The only indication, other than that the callback isn't being called, that something is wrong is the ROS_DEBUG message (once only):

[DEBUG][/gazebo->SubscriptionQueue::push]: Incoming queue was full for topic "/nimbro_op/left_hip_yaw_position_controller/command". Discarded oldest message (current queue size [0])

which indicates that the messages are never being processed at all, because otherwise the second time the buffer of size 1 is full after being emptied again once, the ROS_DEBUG message would appear again.

But on every launch it's other joint(s) having the problem, and even if one is not working, the other 19 JointPositionControllers are working. Also, if a JointPositionController is working after being launched, then it will continue to do so for as long as Gazebo is running, and if it is not, then it never suddenly starts working later.

Something is not working right, but what?

bmagyar commented 7 years ago

Hiya,

Quite a puzzle! Let's start at base 1, do you have a public simulation I could reproduce this with?

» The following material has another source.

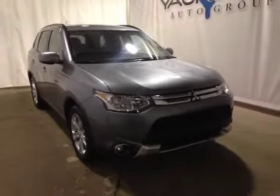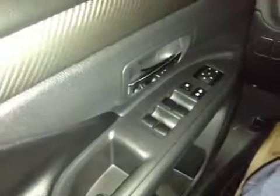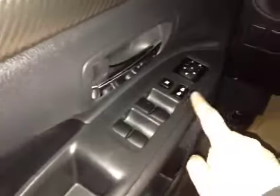Thanks for visiting. We're proud to show you this 2015 Mitsubishi Outlander. On the driver side we have power windows, power locks, and power mirrors.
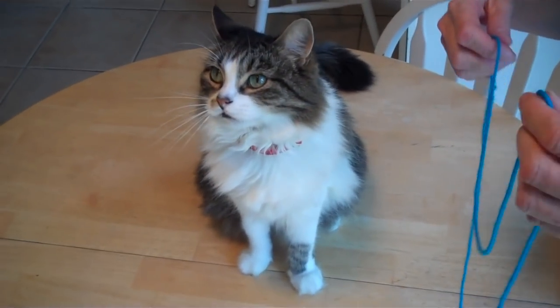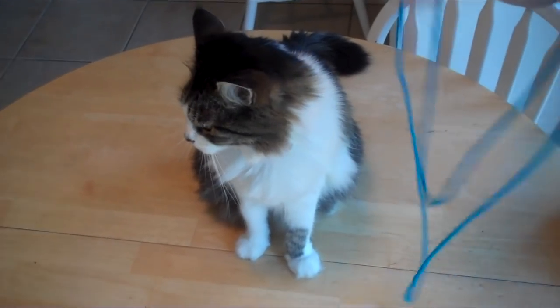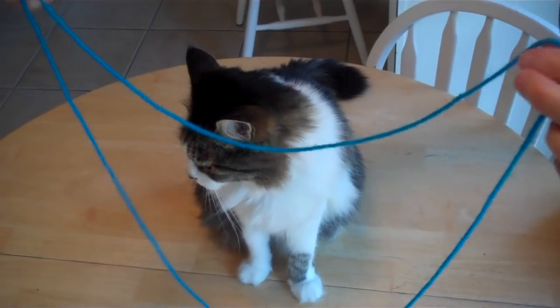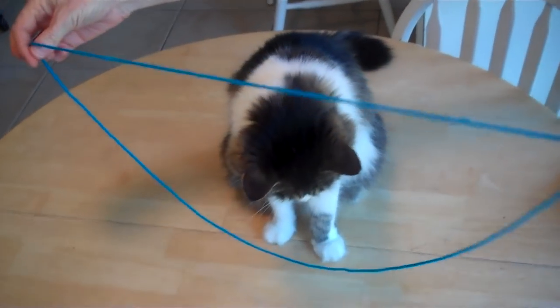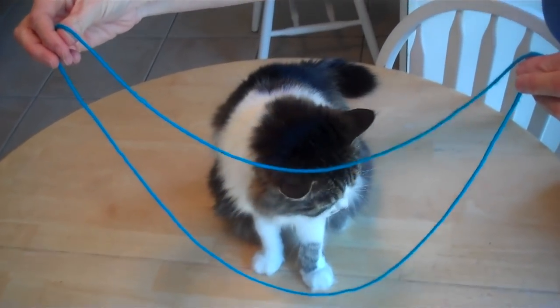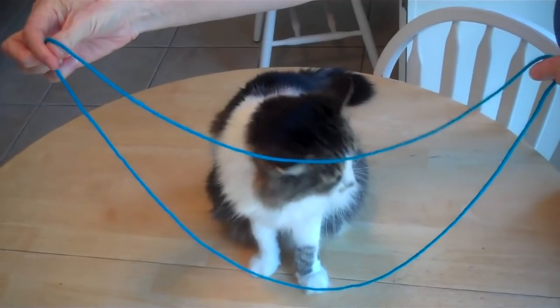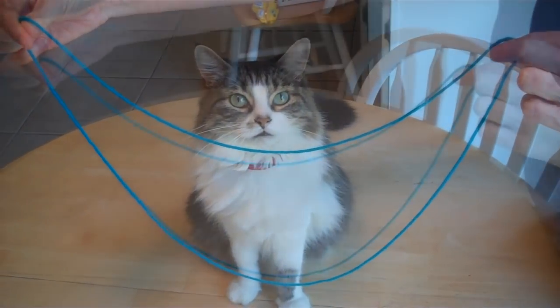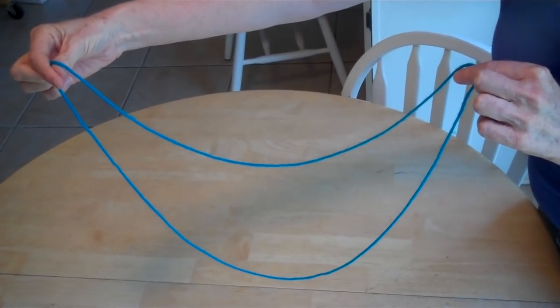All right, here is how to do the Cheshire Cat string figure, and for this you need a string and a cat. So you hold your string like this, and you make the Cheshire Cat smile. And then as you know, the Cheshire Cat disappears. Ta-da! The Cheshire Cat.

Random architect question: Any particular reason why you use one controller per joint instead of group controllers?

pallgeuer commented 7 years ago

Kind of - this is the simulation I am experiencing the problems with:

https://github.com/AIS-Bonn/humanoid_op_ros/tree/master/src/nimbro/hardware/nimbro_op_gazebo https://github.com/AIS-Bonn/humanoid_op_ros/tree/master/src/nimbro/hardware/nimbro_op_model

I launch nimbro_op.launch in nimbro_op_gazebo. You will need to set an environment variable like:

export NIMBRO_ROBOT_VARIANT=nimbro_op_hull

The repository is released for indigo (where everything works without a problem), but internally I am currently trying to move to kinetic, and that's where I am getting problems. To get the whole robot control node (the node that publishes the joint commands) running on your end, would take more effort than it's probably worth. I think some basic test node that just publishes (non-zero) joint commands for the robot's 20 joints would suffice to see the problem.

Can you explain more about the group controllers? I'm not sure what exactly that means.

Thanks

dcconner commented 7 years ago

I'm curious if you had any resolution to this? I'm trying to move to Kinetic and having issues with controllers with Gazebo. In my case, JointPositionControllers seem to work, but not a JointTrajectoryController

pallgeuer commented 7 years ago

I dug very deep for a while still, but could not come to a resolution. We have completely postponed moving to Kinetic in our project because of this issue (until there is a resolution) so it's kind of a big deal...

mathias-luedtke commented 7 years ago

Have you tried it with jade / gazebo 5? Have you tried to reload the zeroed controller?

Can you explain more about the group controllers? I'm not sure what exactly that means.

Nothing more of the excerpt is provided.